La menace plane... et plane... 
  
          Non mes frères, confrères et compatriotes, ne nous laissons pas attendrir. Ne cédons pas aux attaques sournoises de ces néo-libéraux de la boulette-et-du-beigne-au-sucre-en-poudre. Cela fera. On a été assez gentils jusqu'à maintenant; on a toléré de nombreuses violations à notre identité (distincte) de francophones en Amérique du Nord – ceux-là mêmes qui se battent pour leur « survivance » ... priez pour nous – mais voilà, ça s'arrête drette icitte. 
  
          Wô. C'est qu'il faut prendre au sérieux cette menace qui plane, spécialement au-dessus de la tête des Montréalais, menace d'assimilation, d'anglicisation complète, de disparition du fait français en Amérique. 
  
          Oooohhhh, maman. 
  
          Je sais, je sais. Il me semble que les politiciens devraient s'occuper d'autre chose que de franciser Second Cup (n'empêche... Deuxième Tasse; il me semble que ça ne sonne pas bien). Tout le monde le dit et le répète: on n'a juste pas les moyens de taponner là-dedans. Occupons-nous plutôt des écoles, des hôpitaux, de baisser les impôts, et de toutes ces petites choses qui affectent vraiment la vraie vie du vrai monde. On a d'autres chats à fouetter, nom d'un p'tit bonhomme! (Pillsbury? re-oops) 
  
          Mais je n'y peux rien, il y a là quelque chose qui m'agace suprêmement. Que les péquistes en mal d'ouvrage se cherchent des raisons d'affirmer haut et fort (faisant chier tout le monde et son voisin au passage) qu'ils ne vivent que pour assurer aux (vrais) Québécois un environnement francophone libre de toute « cicatrice » et « blessure », à la limite bof, je m'en tape.

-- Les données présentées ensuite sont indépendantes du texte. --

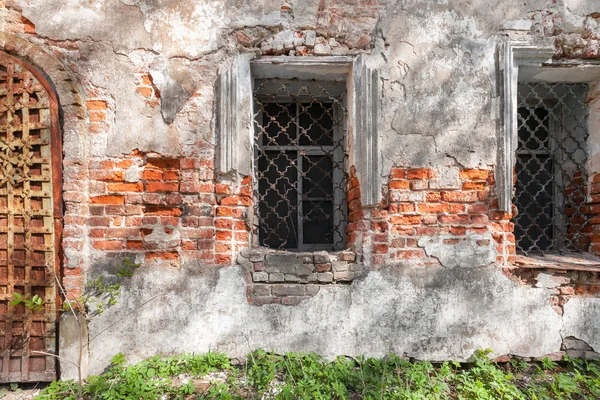 Vintage window with iron bars on the wall of an abandoned temple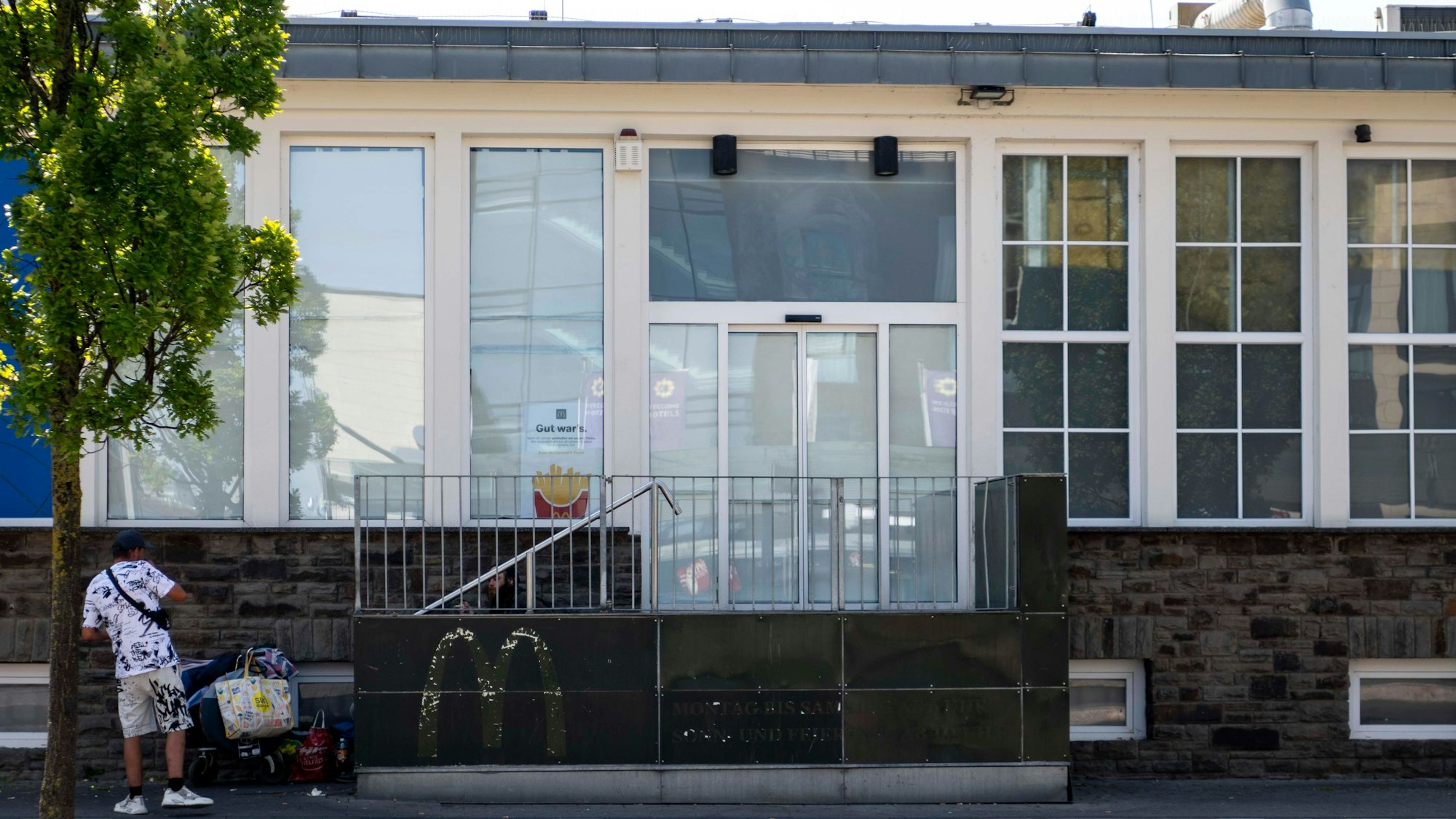 Die McDonald's-Filiale am Euskirchener Bahnhof ist geschlossen. Ein Mann steht vor dem Gebäude, an dem die Fensterscheiben abgeklebt wurden.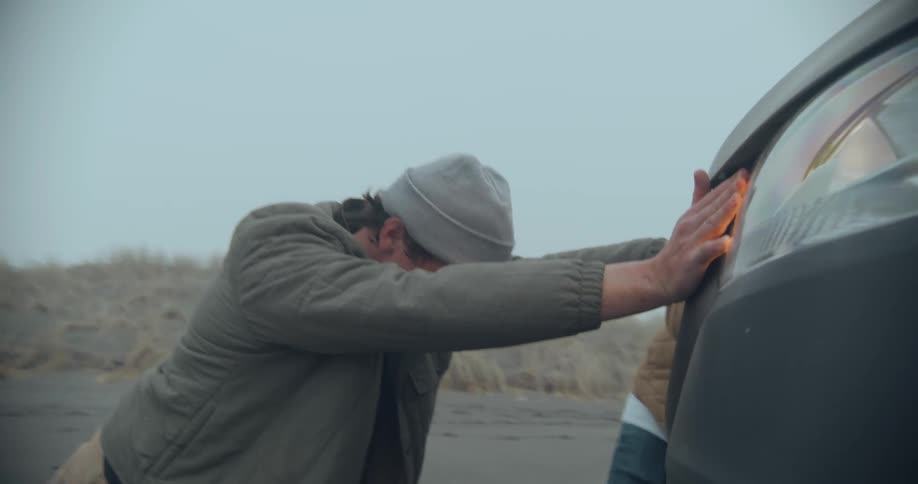 Two men trying really hard to push a grey car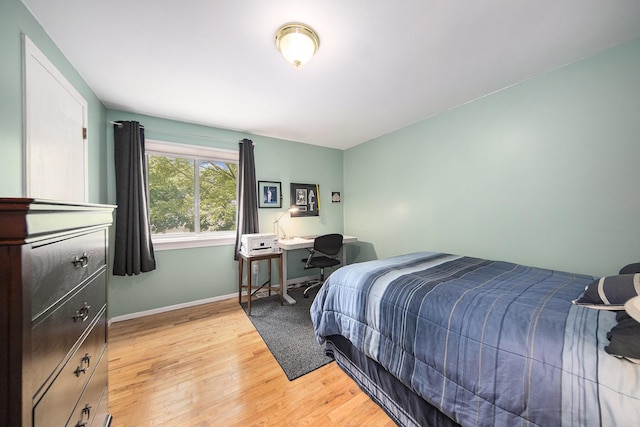489 Old Creek Ct, Saline, MI 48176 - bedroom with light wood-type flooring, baseboards, and a desk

En fait, je trouve ça presque trop drôle pour y croire vraiment; et ça me donne du jus pour alimenter les conversations de pub quand je me promène à l'étranger. 
  
  
  
« L'endroit au Québec où la qualité du français est la moins pire est encore Montréal. Ailleurs, dans toutes ces petites villes perdues, le patois local est aussi près de la langue de Molière que moi du NPD. »
 
 
 
          C'est qu'imaginez-vous donc que là-bas, personne ne me croit. Ils sont tous convaincus que je ne porte pas bien l'alcool et que conséquemment, je beurre trop épais histoire de me rendre intéressante. (...) Mais je dérape. 
  
Virage anticipé 
  
          Ce qui me tarabuste dans cette histoire à la Ionesco, c'est qu'on ne cesse de justifier ces mesures ridicules en brandissant des études démontrant qu'à (plus ou moins) court terme, Montréal virera à l'angliche. Que l'anglais prend toujours plus de place sur l'île qui se meurt de n'être qu'une ville. Que l'avenir du Québec passe par un Montréal français. 
  
          Et ils ne sont même pas fichus de réaliser que l'endroit au Québec où la qualité du français est la moins pire (notez l'emphase: la MOINS PIRE) est encore Montréal. Qu'ailleurs (le Saguenay... for one), dans toutes ces petites villes et autres bleds perdus, le patois local est aussi près de la langue de Molière que moi du NPD.                              
  
          Pourquoi cela? Parce que Montréal, et mis à part son côté anglais, vit au jour le jour avec des gens qui parlent tout plein d'autres langues (incluant le VRAI français); que ces gens soient de passage ou qu'ils aient succombé pour de bon aux charmes du boulevard Saint-Laurent. 
  
          Bref, les Montréalais sont en contact continu avec d'autres langues et cultures, y gagnant un vocabulaire plus étendu ainsi qu'une prononciation moins châtiée que ce qu'on retrouve ailleurs dans la province. Parce que le désir d'être compris des touristes et autres « visiteurs » nous force à parler sur le sens du monde, dans un français se rapprochant autant que faire se peut du soi-disant « international ». Ailleurs, eh bien le fait de vivre en vase clos (et tricoté passablement serré) permet aux locaux de s'enfoncer sans reproche dans leurs mauvais plis. 
  
          La même chose se produit avec l'anglais, qu'il me soit permis d'ajouter. Juste à faire un tour dans une ville perdue quelque part dans le nord de l'Indiana pour réaliser que ces gens-là ne parlent pas du tout le même language que le bel anglais cu-cultivé qui nous charme les oreilles à Boston. C'est juste normal, quand on vit dans un environnement relativement fermé, que nos mauvaises habitudes prennent le dessus. Parce que personne n'est là pour nous rappeler que le dialecte local n'est que cela: une sorte de créole (et un clin d'oeil pour Alain Peyrefitte, un!) incompréhensible. 
  
          Alors serait-il possible qu'on nous lâche les baskets et qu'on finisse par passer à autre chose? Parce que les jérémiades linguistiques, ça commence à nous les encombrer sérieusement. Y'en a marre, à la fin.